(Work to complete):
Could you restate word for word only the lines below from the one holding "tiger, skulls butterfly" to the one holding "Voor Galaxy M20", inclusive, and leave out the pictures?

(Excerpted records):

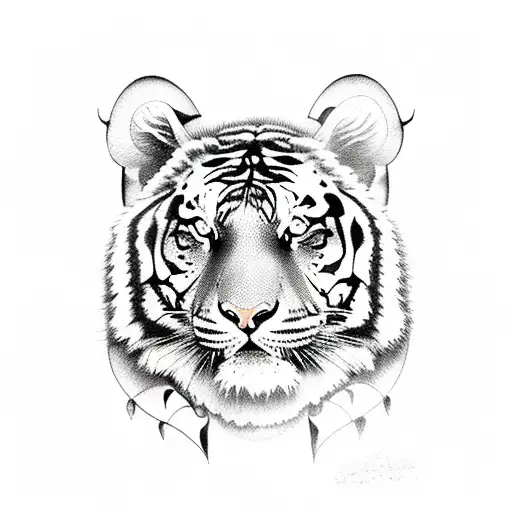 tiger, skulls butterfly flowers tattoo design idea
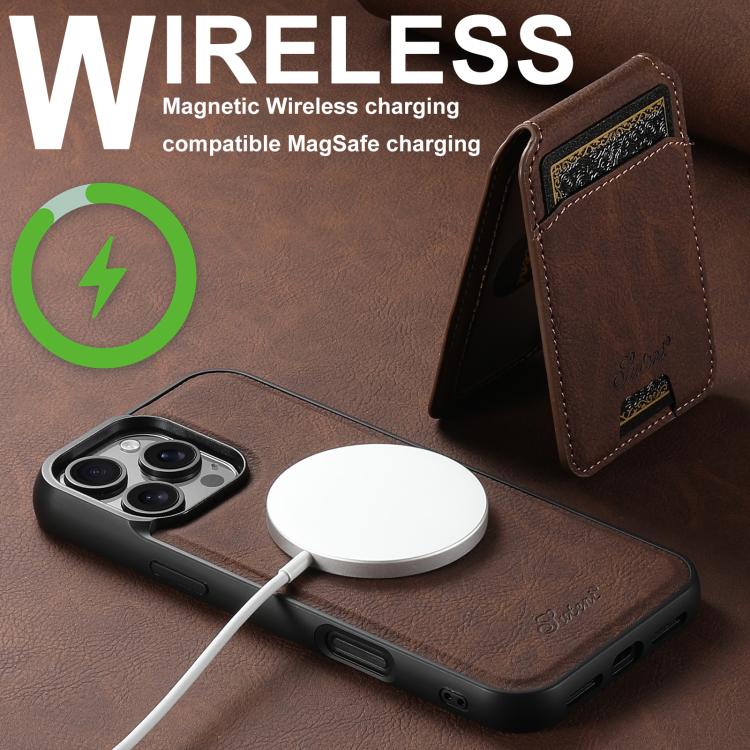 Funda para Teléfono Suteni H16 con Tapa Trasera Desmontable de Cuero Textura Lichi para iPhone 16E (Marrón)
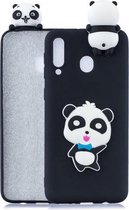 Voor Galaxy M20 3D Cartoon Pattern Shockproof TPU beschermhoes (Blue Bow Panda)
--
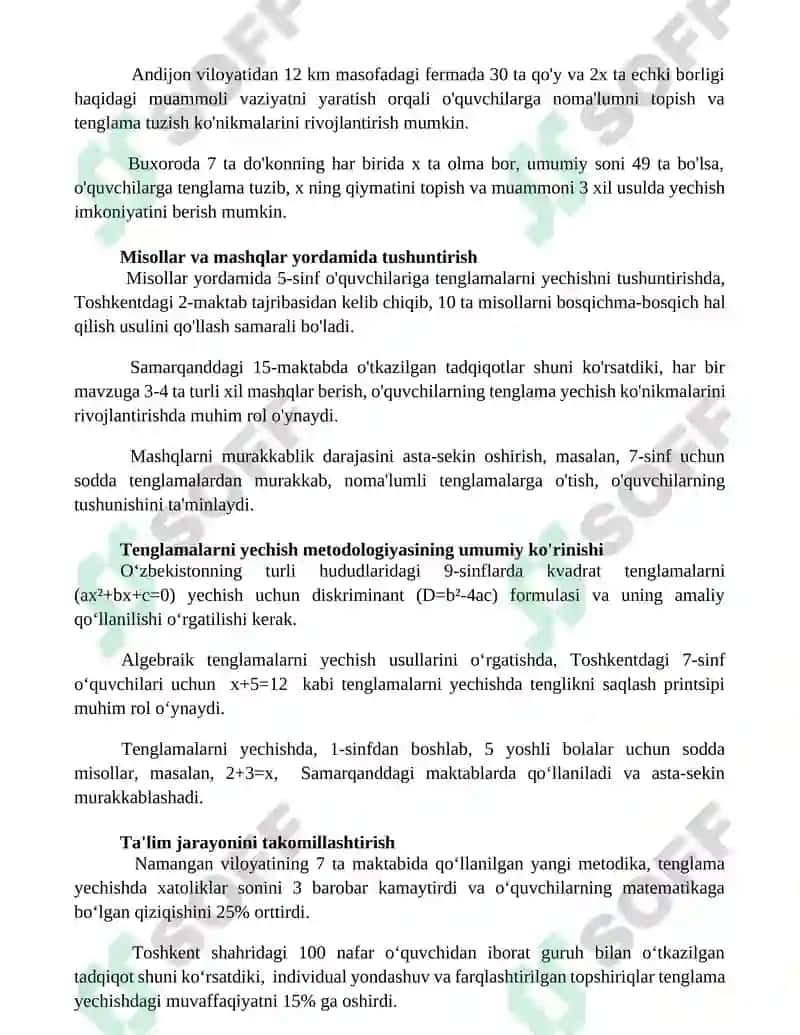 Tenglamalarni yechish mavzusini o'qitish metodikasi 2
---
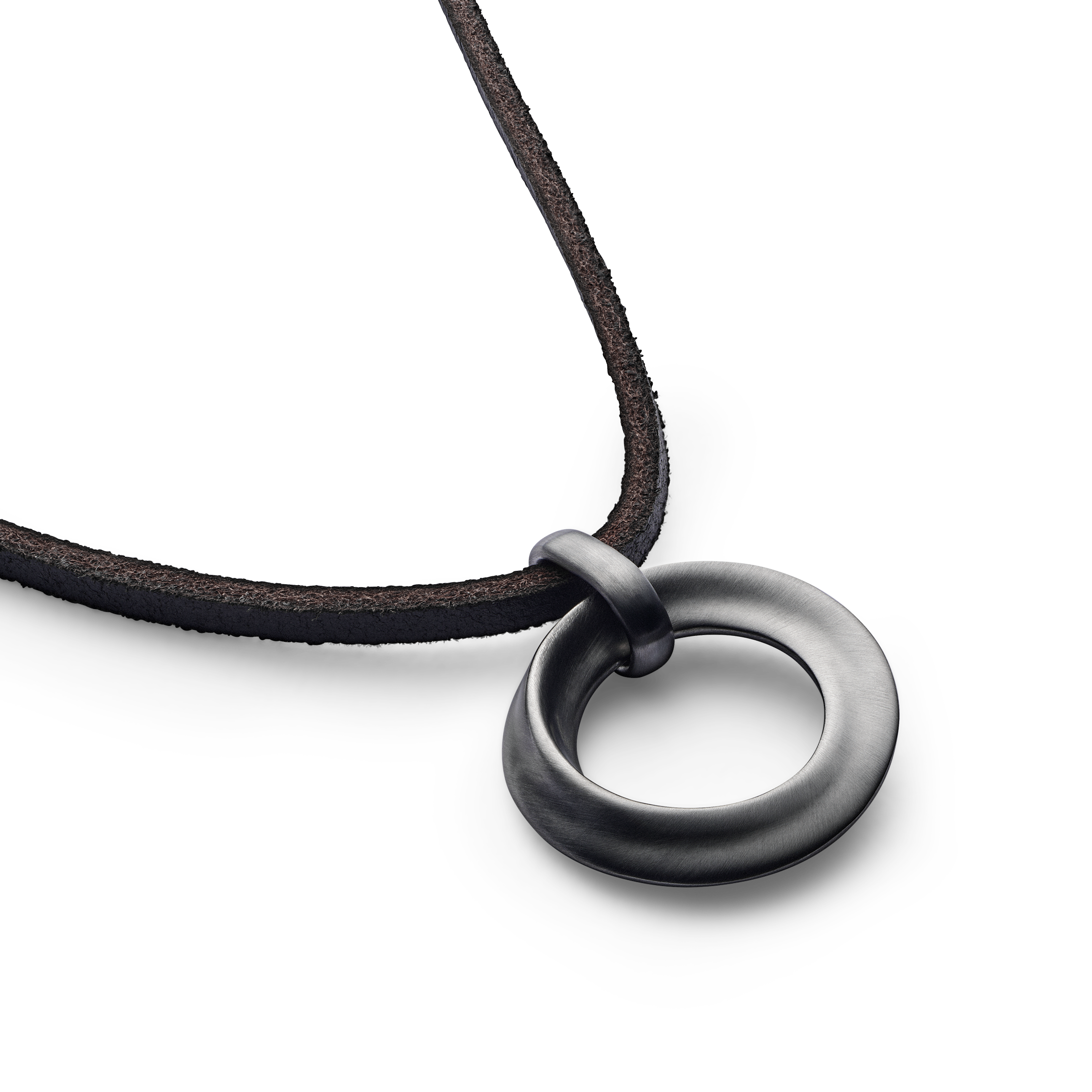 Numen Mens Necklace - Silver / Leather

(Result of this exercise):
 tiger, skulls butterfly flowers tattoo design idea
 Funda para Teléfono Suteni H16 con Tapa Trasera Desmontable de Cuero Textura Lichi para iPhone 16E (Marrón)
 Voor Galaxy M20 3D Cartoon Pattern Shockproof TPU beschermhoes (Blue Bow Panda)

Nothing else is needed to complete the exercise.